President Corrigan left behind a legacy of campus expansion here at SF State. What do you hope to leave as your legacy?

LW: That’s really a good question. My world begins and ends with the student experience, and if I’m able to leave a legacy of a dynamic curriculum where our students are on every continent, in every state and making a difference in all the local communities, and we have as many students winning humanitarian awards as winning All-American awards, I’ll be a happy guy. For me, the whole student experience is about becoming a great citizen, a good citizen, a great mother or father and knowing that somewhere along the line in our lives, yours, there is going to be a first grader who is going to say, “I want to be like you.” When you’re the editor of a newspaper or off doing important things, some young person is going to say, “That’s the job I want.”

What would you say is at the top of your priority list as you get started here in your first year at SF State?

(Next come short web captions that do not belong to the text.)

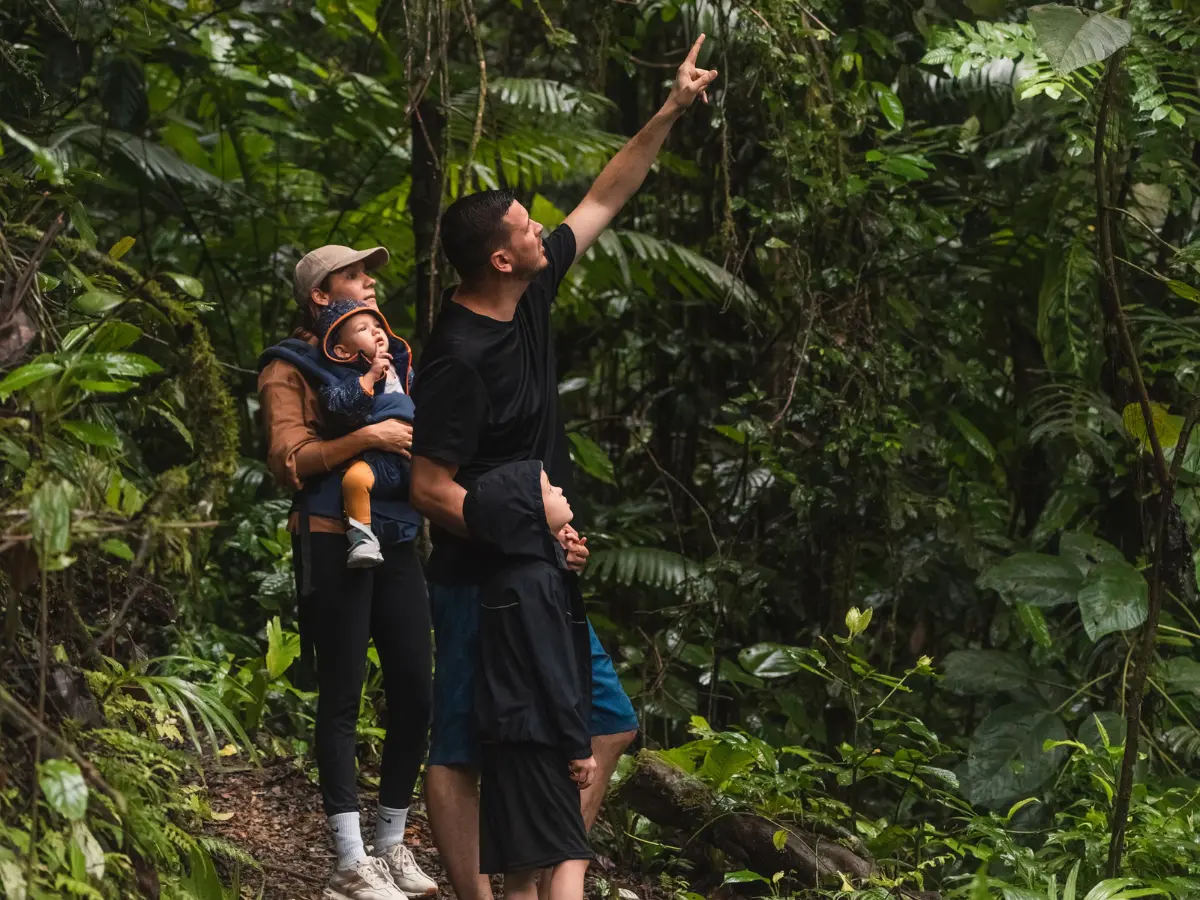 Man pointing up into the forest while a woman carrying a baby and a child look on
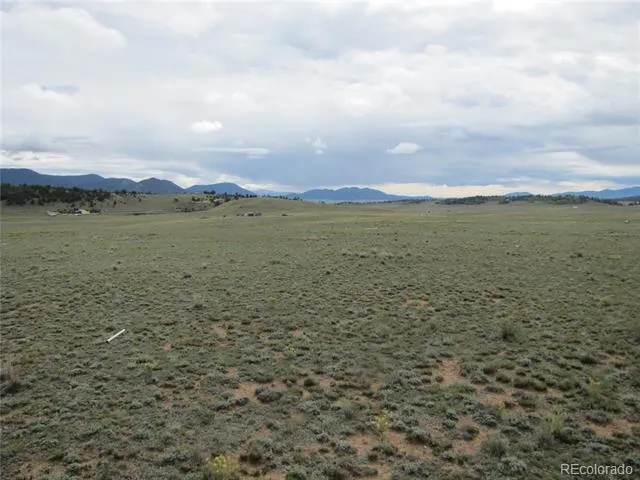 346 Cherokee Trail Hartsel, CO 80449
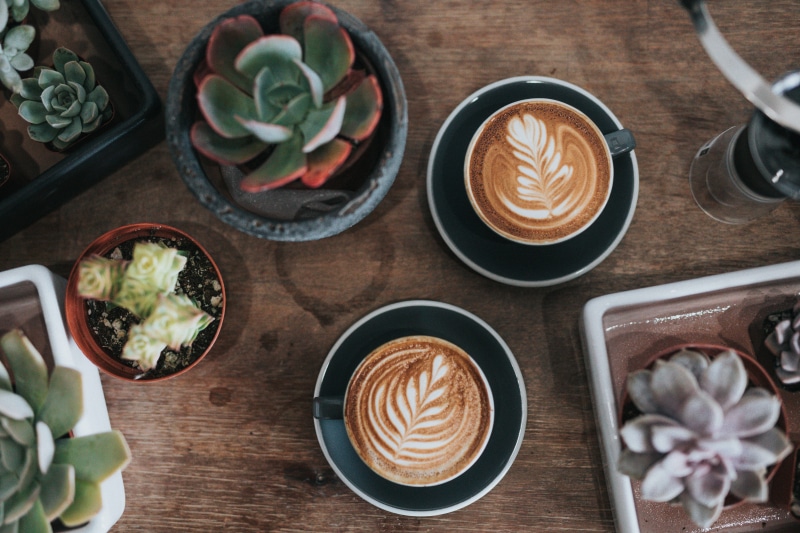 no people, indoors, two, coffee - drink, succulent, drink, cafe, refreshment, arts, plants, plant, coffee con, latte, high angle view, hot drink, coffee culture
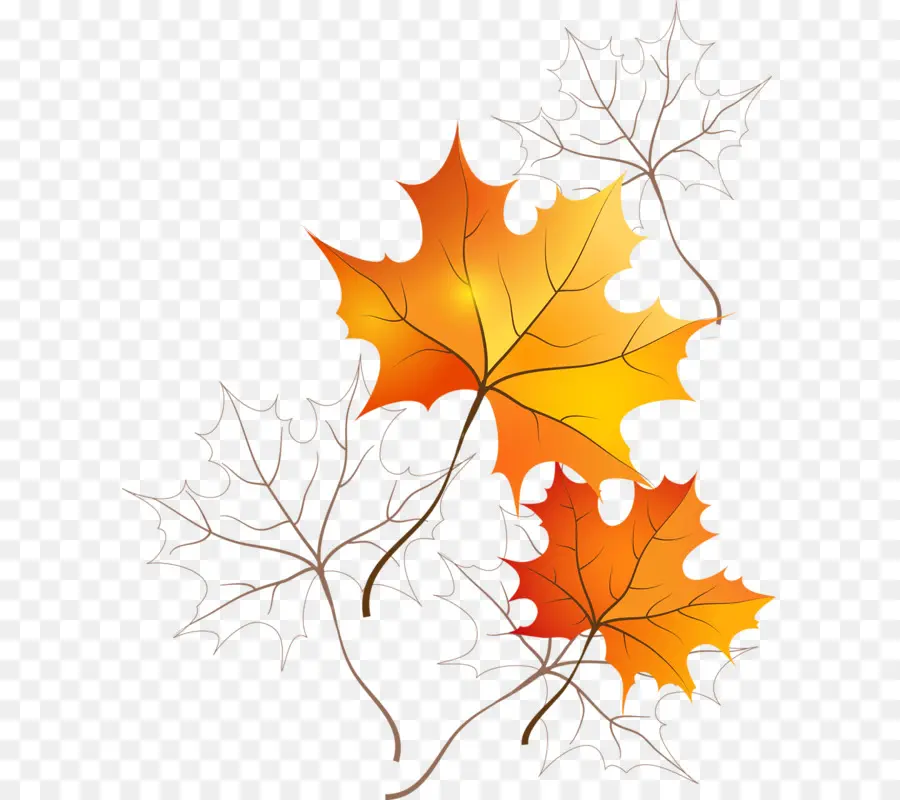 Feuilles D'automne，Automne PNG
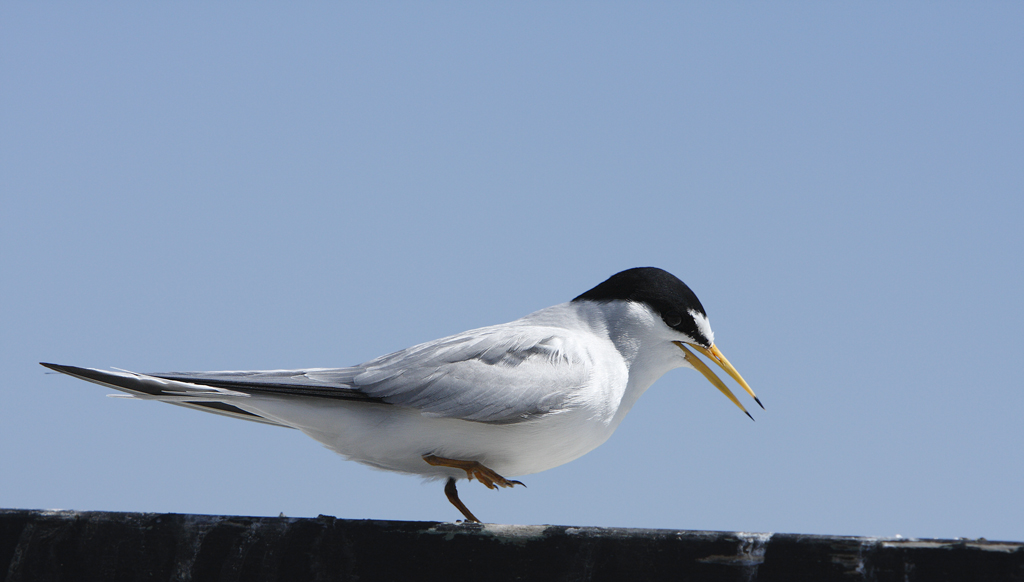 Least Tern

LW: There is an end to this, a motive — in March we’ll be meeting with our accreditation people, and we’ll be talking about the future and how that finds some reality in the strategic plan. And so, between now and March, I want to talk with everyone about their aspirations. When I met with the provost council, that was my first comment to them that not only do we have to be ready for the accreditation, you have to make sure that I understand the future that you guys see. It has to resonate between all of us. I’ve asked the enrollment management people. I’d like to know who our aspirational peers are because, with accreditation, they typically benchmark you against your traditional peers. For me that’s not good enough. I want to know who we think represents best practices, the best kinds of things, and let’s benchmark ourselves against that group. That’s going to be a pretty involved discussion. Students should also be thinking about, “How can we can contribute to campus life now?” so that the freshman who shows up in 2018 goes, “It got started back in ’12. I’m experiencing a super campus because of the interactions between the students and the president back when he started.” So I’ve had to get that straight. It’s less about me defining the vision, and it really is about me making sure I am a catalyst for a new vision for San Francisco State.